=== Section Start ===

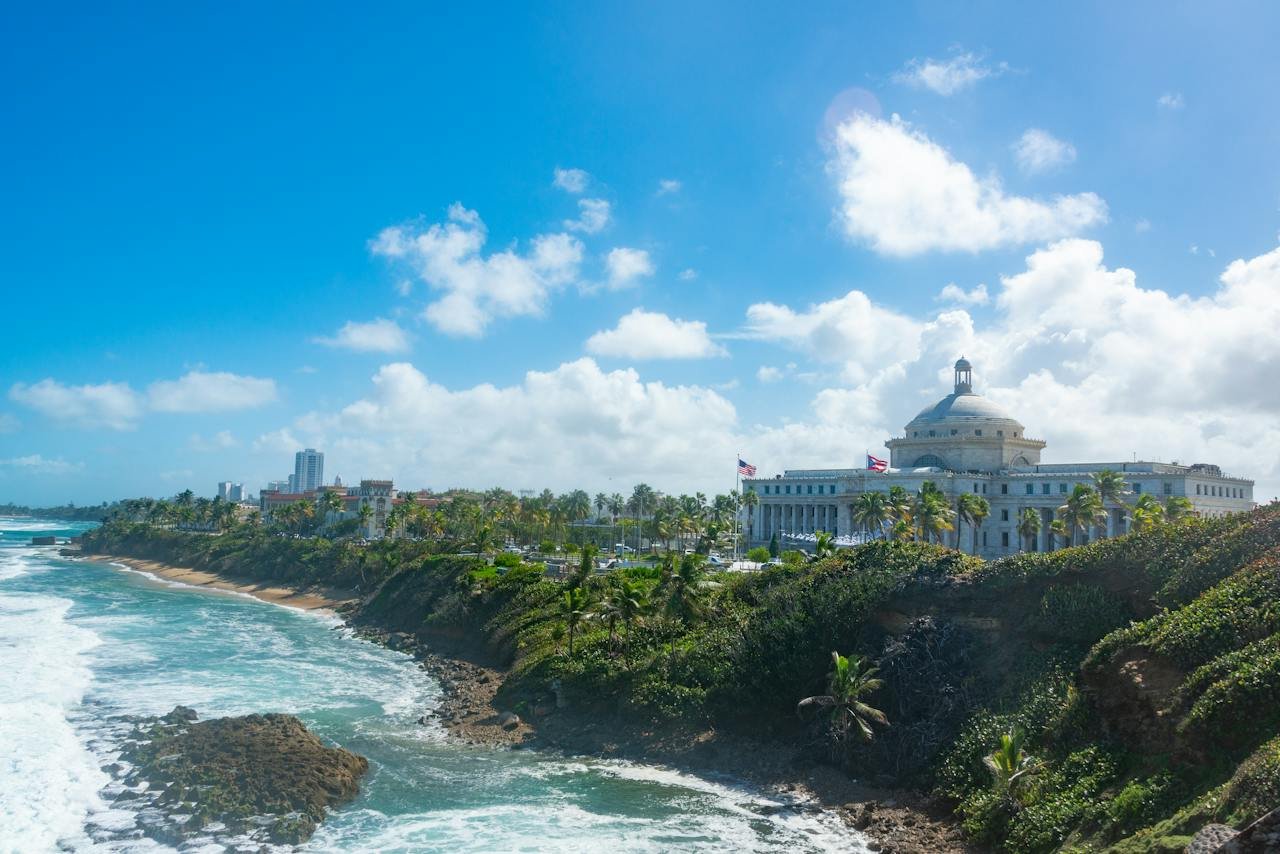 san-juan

=== Section End ===
=== Section Start ===

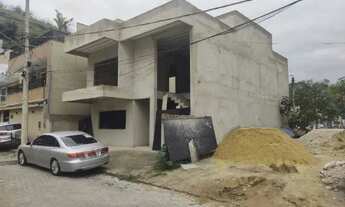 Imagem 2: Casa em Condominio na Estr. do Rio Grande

=== Section End ===
=== Section Start ===

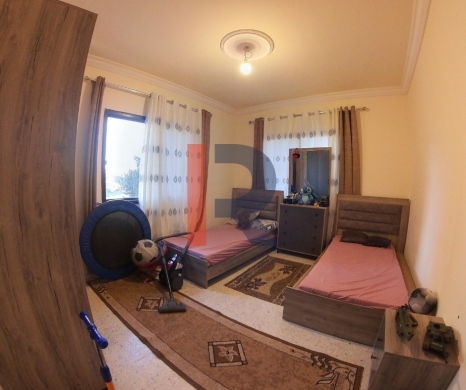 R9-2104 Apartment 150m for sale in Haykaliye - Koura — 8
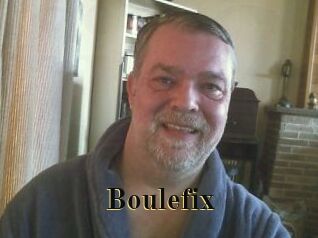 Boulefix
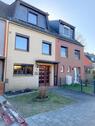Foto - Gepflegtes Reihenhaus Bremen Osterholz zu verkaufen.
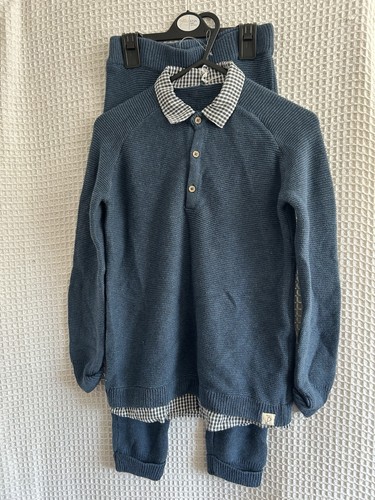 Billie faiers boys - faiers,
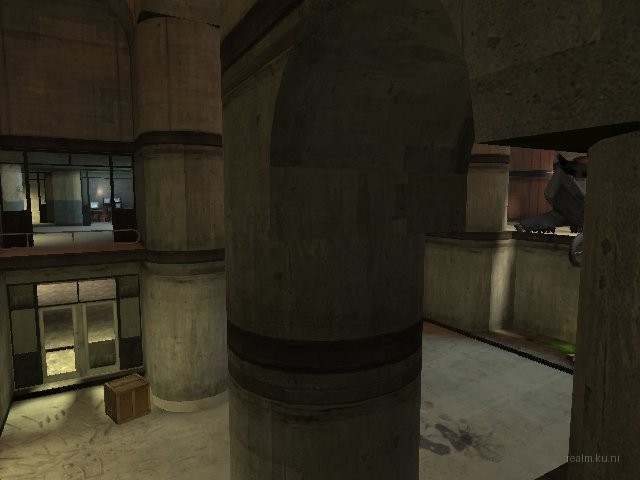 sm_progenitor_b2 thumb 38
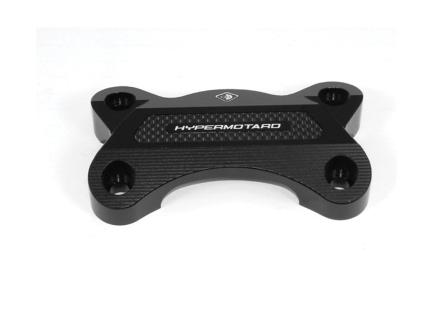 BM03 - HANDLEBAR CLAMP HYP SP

=== Section End ===

Work instruction:
While skipping the pictures, transcribe the data above from the line showing "R9-2104 Apartment 150m" through the line showing "BM03 - HANDLEBAR CLAMP HYP SP", exactly and with both ends.

Exercise result:
 R9-2104 Apartment 150m for sale in Haykaliye - Koura — 8
 Boulefix
Foto - Gepflegtes Reihenhaus Bremen Osterholz zu verkaufen.
 Billie faiers boys - faiers,
 sm_progenitor_b2 thumb 38
 BM03 - HANDLEBAR CLAMP HYP SP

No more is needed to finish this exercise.